In a story in Saturday’s Whig-Standard (here it is), Mayor Mark Gerretsen offers some thoughts and opinions regarding the apparently imminent demolition of the very lovely Bailey Broom factory building. Well I have a few thoughts on his thoughts.
To bring you up to speed very quickly, here’s what’s going on. The city of Kingston is buying a parcel of land east of Rideau St and north of Cataraqui St in order to pave the way for a Wellington St extension. As part of the purchase agreement the city has required that the factory be demolished by the seller prior to the closing date (my earlier thoughts on this revelation are here).
Okay, here we go.
"The building does not sit in the proposed Wellington Street extension," Gerretsen is quoted as saying. "It does not have to come down in order for the road to be built."
Fantastic. That’s my first thought. This is exactly what I want to hear. In fact I’d really like him to stop talking right there, and act accordingly. Because if that’s the reality, there’s no reason to order the building demolished, is there?
The mayor is ready for that one, though. “The land is worth more with the building gone,” he says.
Which he doesn’t know for certain to be true. It’s often the case in real estate, sure, but not nearly always, and this is a complicated situation. And anyway, when the hell did it all become about money? If the mayor thinks that’s what should be at the root of every decision he makes, we may as well all go home and start reading Donald Trump biographies while the bulldozers rumble into the city.
The Whig goes on to say (and I didn’t know this) that “(t)he city's intent is to buy the property, carve out the path for the roadway, then sell the remaining pieces of land on either side.
So hold on a second.

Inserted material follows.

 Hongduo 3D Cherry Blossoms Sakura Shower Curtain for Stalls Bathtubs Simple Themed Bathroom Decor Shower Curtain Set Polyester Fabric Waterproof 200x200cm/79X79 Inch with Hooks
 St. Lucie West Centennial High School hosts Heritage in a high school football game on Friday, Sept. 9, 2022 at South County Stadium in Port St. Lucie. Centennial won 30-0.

This is what we know so far:
1) The demolition isn’t required for the road to be built.
2) The city intends to sell the land left over after the road goes in.
Which, unless I’m being really slow here, means that if the city were to amend its purchase agreement and take the land with the beautiful Bailey broom factory still on it, it would eventually sell that left-over land, along with the factory. That’s an interesting thought, isn’t it? I’m pretty fond of that idea.

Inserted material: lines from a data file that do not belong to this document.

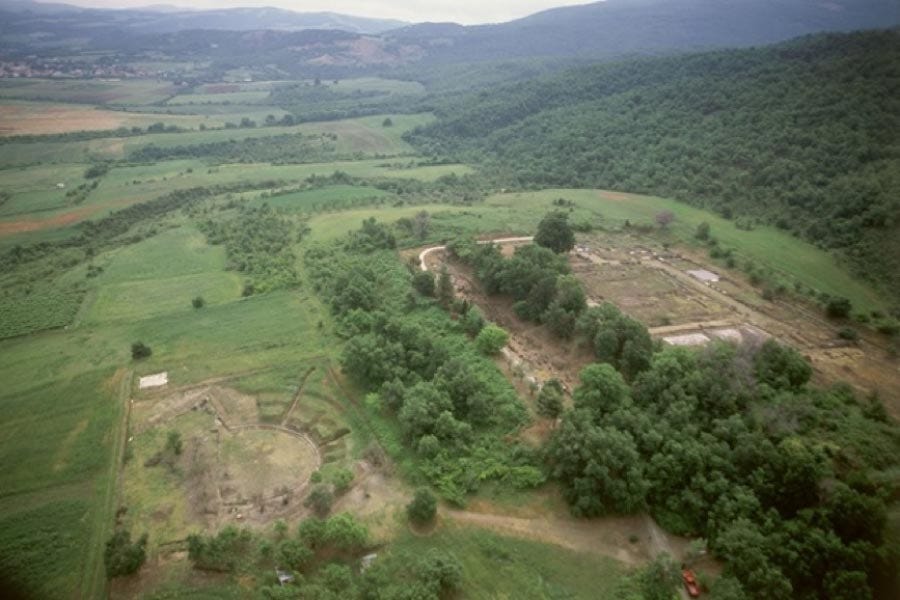 Arial view of the ruins of ancient Aegae showing the palace and theatre. (Image: © David Grant 2019) Arial view of the ruins of ancient Aegae showing the palace and theatre. (Image: © David Grant 2019)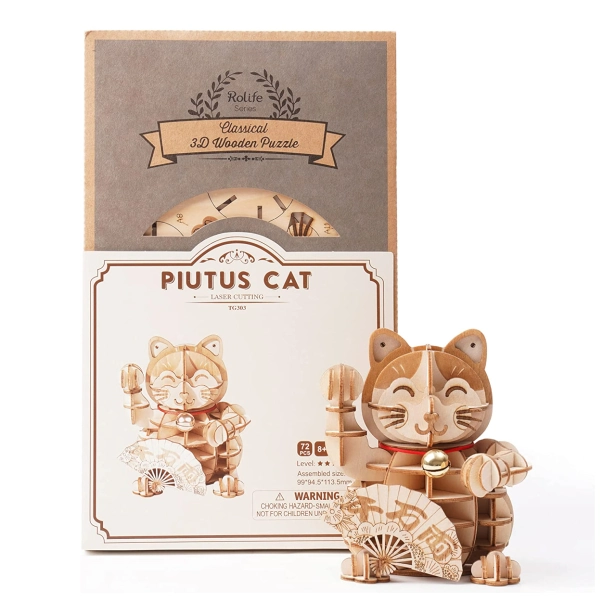 RoboTime drevené 3D puzzle Plutus Cat pre šťastie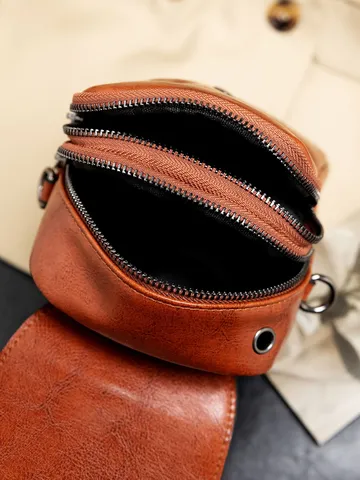 Femmes Rétro PU Cuir Sac Bandoulière Double Couche Grande Capacité Vintage Sac Épaule Sac Casual Avec Boucle Métallique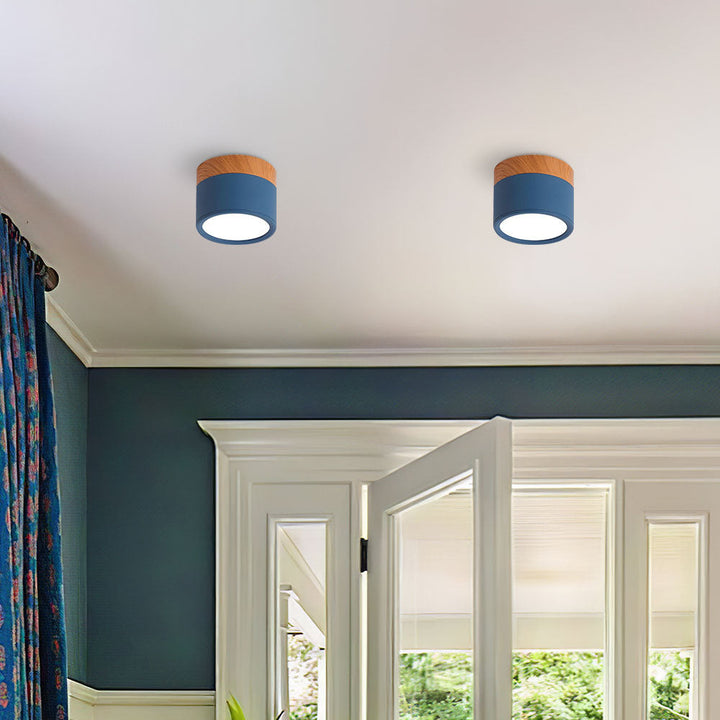 BowLift | Ceiling Light with Pink Flush Wood Finish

And I just don’t see how the mayor can be so absolutely certain that no one would be interested in buying that corner with the factory on it. Now I’m not a rich man (I’m barely solvent is how it feels most days), but I’ve got some not completely mad ideas on how to re-purpose that building, and having spent the afternoon at the Skeleton Park Arts Festival today and I can assure you I’m not the only one.
The mayor has more to say:
"I don't think anybody really understood there was heritage significance to the building. I certainly didn't."
Which is fair enough, I suppose, although I still think someone should have been paying more attention. But even so, and even though I’m no lawyer, contained within that admission from the mayor is the implicit fact that he does now understand that there is a historical significance, right? I mean, read it again. That is what he’s saying.
Trouble is, even if he owns up to the building’s importance, the mayor still doesn’t necessarily care about it. “I think the City of Kingston has a lot of historic buildings we're already responsible for. I'm always cautious about spending money to do that.”
And this is where my head starts to hurt a bit. We’ve got a mayor actually saying now that he doesn’t want to be responsible for historically significant buildings he just discovered under his nose on land he’s about to own. He wants the land underneath the historical building sure enough, so he can order the building of a road. But he would rather the building itself was vanished before his name went on title.
This is a little bit mad, right? I mean this is the man we elected to act in our best interests. To protect what we have, and to recognize what’s important.
The mayor, though – perhaps realizing that we’re going to jump up and down about now and say, “Hold on a second,” in our most indignant voices – closes with this: "I think it's always prudent of us to explore avenues when people bring forward these claims," he says. "If we have the opportunity we should do that. Having said that, we've signed the deal that comes without that piece of property on it."
And this is the quote that bugs me the most. Because in other words he’s saying, “Man, if we had the time I’d really like to look into this, because you guys have made me think. But see, we’ve already made a deal and, like, I can’t change that.”
Which is offensive because I think the mayor must know, or absolutely should know, just how easily the city’s agreement with the seller could probably be changed, even at this late date. Here’s how it would likely unfold. The city files an amendment through its realtor, asking that the factory be left intact. The seller will be thrilled to bits and will happily agree to the change. It’s a good bit of work that will no longer be required on-site, after all, and so probably won’t have to be paid for (and if that’s the case it’s a saving that can be passed along to the city by way of a reduced purchase price).
How is that not an improved scenario? The seller does less work. The city quite possibly spends less money and buys itself time for a little rethink.
Which is all I’m asking. And I don’t think it’s too much.